Data section:

· · · · ·

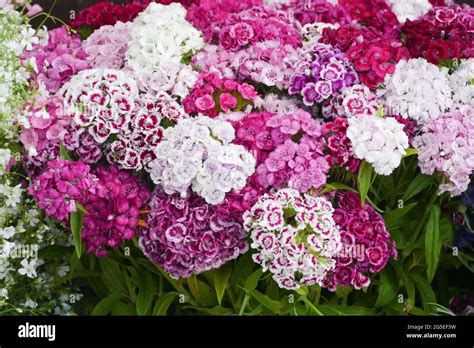 Bicolored, red and white hortensia Stock Photo - Alamy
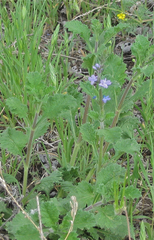 Verbena plicata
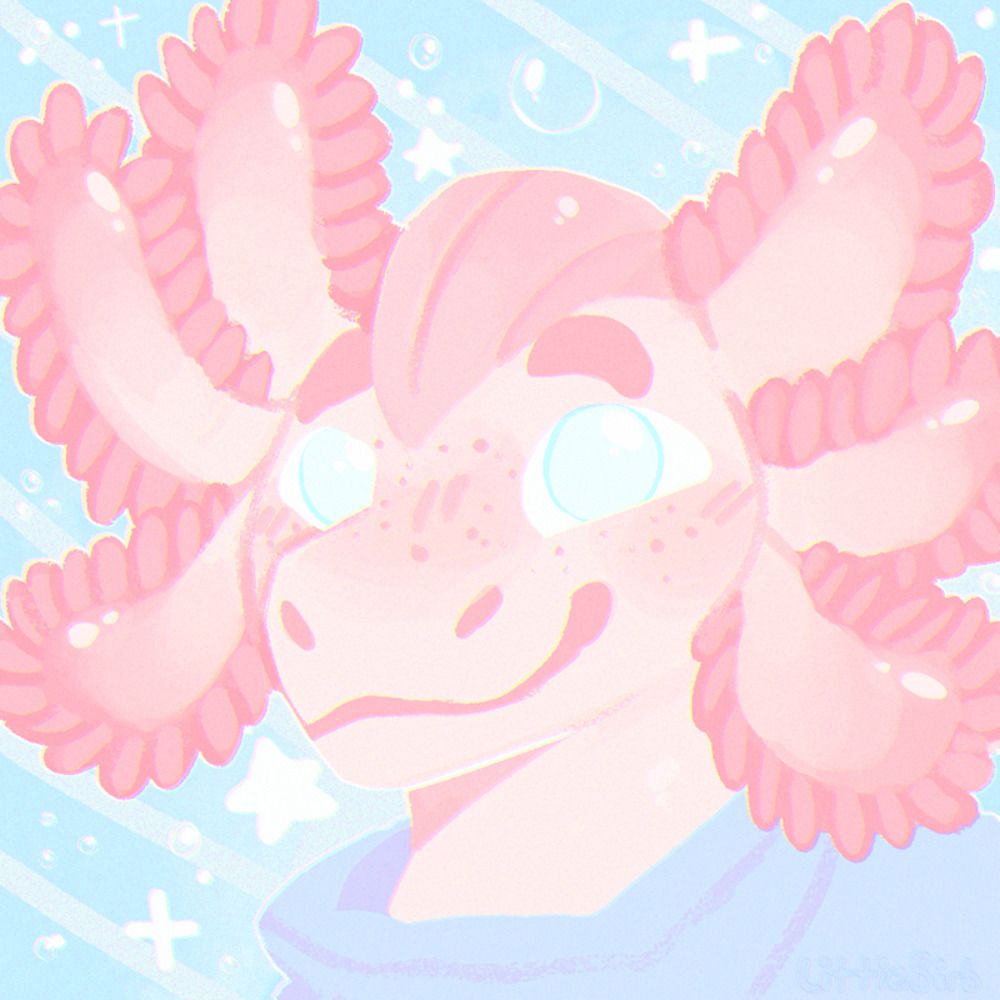 Axo • Comms Open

· · · · ·

Exercise brief: Return a verbatim transcription of the data, omitting all images.

Solution below:
 Bicolored, red and white hortensia Stock Photo - Alamy
 Verbena plicata
 Axo • Comms Open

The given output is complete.